> [Problem statement]:
Below are the records; return every line from the one that contains "Figurine Santa, Plain" to the last, exactly, skipping the pictures.
(Data section Opens)
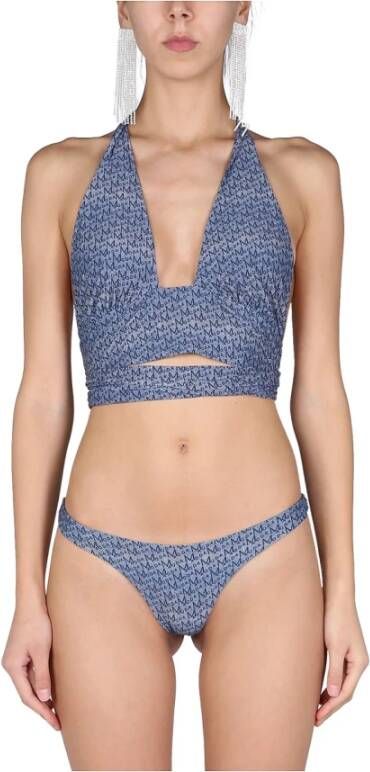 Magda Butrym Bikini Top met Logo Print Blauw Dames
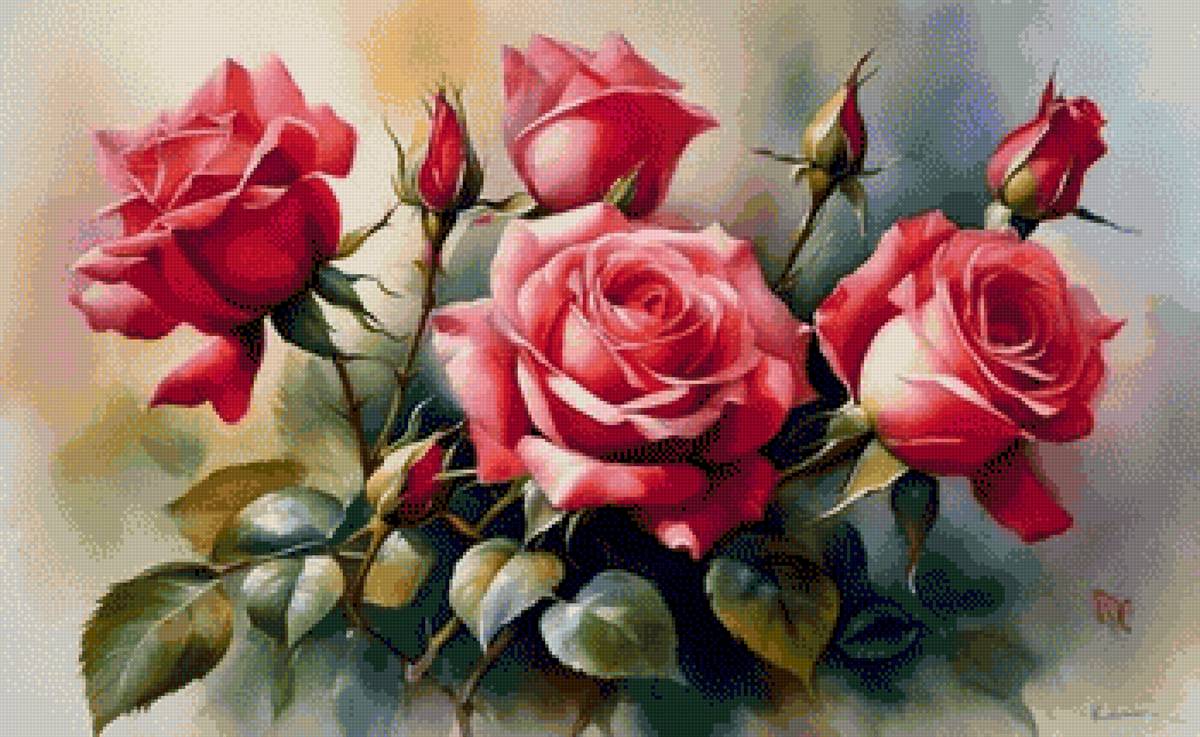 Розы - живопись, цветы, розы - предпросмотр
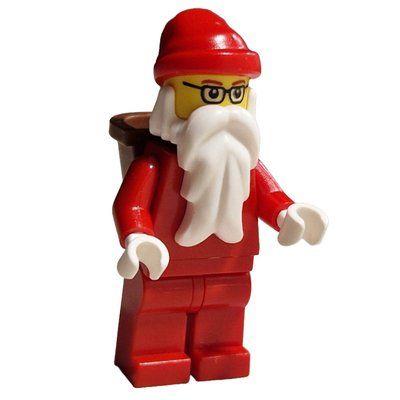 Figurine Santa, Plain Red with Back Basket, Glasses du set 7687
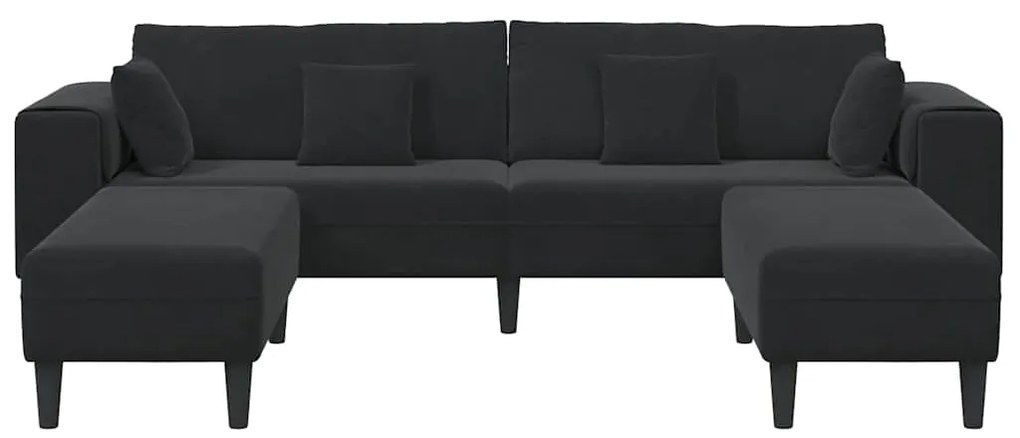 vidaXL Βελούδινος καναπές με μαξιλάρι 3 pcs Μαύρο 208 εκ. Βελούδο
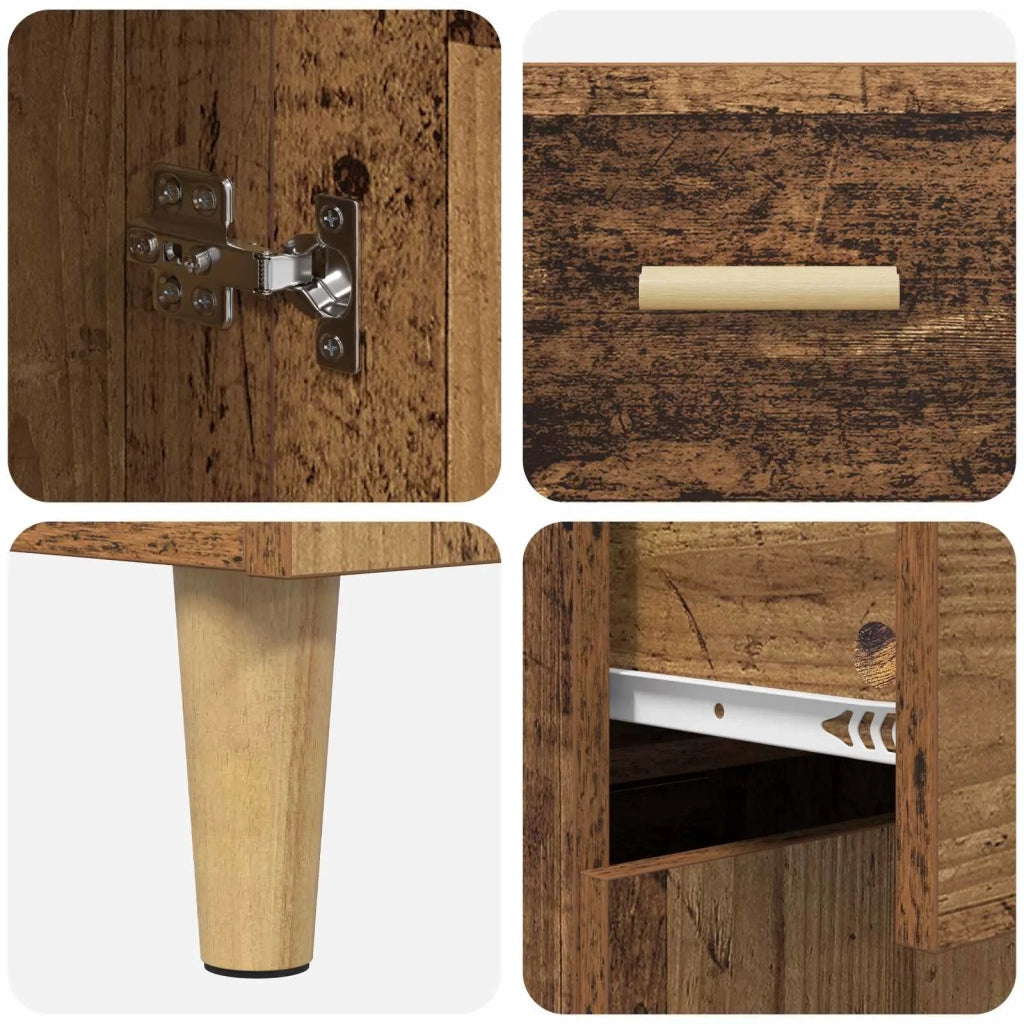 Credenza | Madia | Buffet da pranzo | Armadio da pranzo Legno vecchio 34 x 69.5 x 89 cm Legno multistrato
(Data section Closes)
> [Exercise result]:
 Figurine Santa, Plain Red with Back Basket, Glasses du set 7687
 vidaXL Βελούδινος καναπές με μαξιλάρι 3 pcs Μαύρο 208 εκ. Βελούδο
 Credenza | Madia | Buffet da pranzo | Armadio da pranzo Legno vecchio 34 x 69.5 x 89 cm Legno multistrato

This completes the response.